From a humble sprout, a fragile orchid grows.  Not all of the seeds of its parent plant were pollinated.  Not all were strewn, and not all began to grow.  Some did.  Of those that did, one blossomed.  The orchid blossomed, a realized vision of the parent orchid’s design.

Not all efforts toward organizing ourselves for a better future have blossomed.  Communism fell to the stresses of maintaining an absolutist ideology among many individuals.  At this moment in our very own country, capitalism is finally beginning to buckle beneath its own design oversights (infinite growth within a finite planet).  If one examines the human political legacy, it seems that there never will be a final, best solution to our social woes.

But there may be an evolution.

Totalitarianism is better than a monarchy.  Representative democracy is an improvement over a totalitarian society.  Direct democracy is probably even better than representative democracy.  Having civil rights, women’s rights and gay rights satisfied feels much better than widespread injustice.  The only exception here may be class stratification in the U.S., which is apparently justified by the fundamental theory of our economic system.

But maybe capitalism is on its way out too.  New Scientist magazine features in its October 18 2008 issue a section of a half-dozen contributors, entitled “The Folly of Growth: How to stop the economy killing the planet“–which contains a thorough picture of the frankly unpalatable situation we’re in, and yet how appealing alternatives to U.S. capitalism seem.  Tim Jackson’s article “Why Politicians Dare Not Limit Economic Growth” speculates about the social worth of pumping hundreds of billions of dollars into floundering corporations when social trends and urgent environmental trends indicate that the money would be best spent otherwise–such as on the sincere development of green jobs or industry standards and incentives to proactively bring our greenhouse gas emissions within manageable levels (the famous “350” movement).  According to a chart in Bill McKibben’s article “The Most Important Number on Earth” (Mother Jones, November 2008), it would take just $33 billion to update our major energy providers, reducing our carbon emissions by almost 20% annually.  “Just $33 billion” is not a phrase I would have imagined myself saying, prior to the Wall Street bailout. 

Government seems intent on doing everything it can–with its cash, clout or military–to keep things “status quo” for the elite class of wealthy and smart businesspeople.  Businesspeople, of course, are also in the business of protecting their interests–which is why you are bombarded with commercials for razors, flat screen TVs and diamond necklaces this holiday season, instead of what Herman Daly “says is the most critical message we need to spread if we are to stem our environmental catastrophe: “consume less.”

If we cannot rely on governments, nor the corporations which provide our goods, nor even the very system on which we base our livelihood (the exchange of money) to actually provide for either our direct needs or our long-term, ecological needs… then what’s the harm in looking for a better system?

The potential benefits are beginning to outweigh the risks.

I have seen firsthand in my city the amazing potential of small-scale, community-based projects to provide models for a possible global organization that actually affirms rather than denies our current scientific understanding of our dire environmental situation and what steps must be taken.  These “proto-communities” strive to interrupt the harmful systems that our society today perpetuates and replace them with alternatives, all while simultaneously attempting to meet the community’s immediate needs.

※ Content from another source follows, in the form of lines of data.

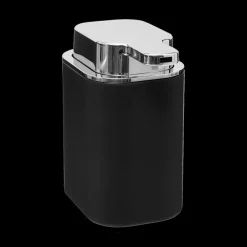 Aanrechtordener RAINY XL Zwart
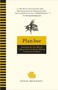 Plan Bee (Everything You Ever Wanted to Know About the Hardest-Working Creatures on the Planet) by Susan Brackney, 9780399535987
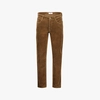 Bartlett Classics 5-Pocket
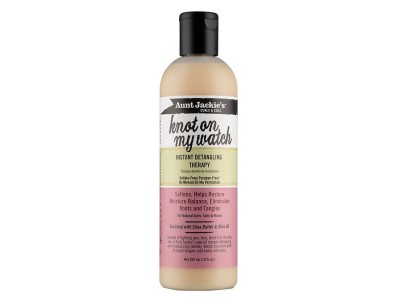 AJ Instant Detangling Therapy 12oz. - Image product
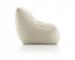 puff-beige-2.jpg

I am convinced, based on all of the research I’ve done into how sustainability can be successful, that the most promising field of development is not the top-down technology or the top-down intellectually-designed society–it is the grassroots community efforts to solve the problems we face using the people we have.  The solutions these groups develop, and build upon, may provide the crucial grounds for assembling a sustainable society.  What’s more, the economically-privileged classes in the United States provide the consumer base on which the entire world’s economy expands at the rate it does.  If these folks–if you and I–simply slowed and eventually stopped our money-based consumption and innovated person-to-person, city-to-city alternatives, then automatically, systems that progressively concentrate power (like money) would become devalued… and our livelihoods would be intimately caught up in the success of one another–a design that may change according to needs, but would not self-destruct.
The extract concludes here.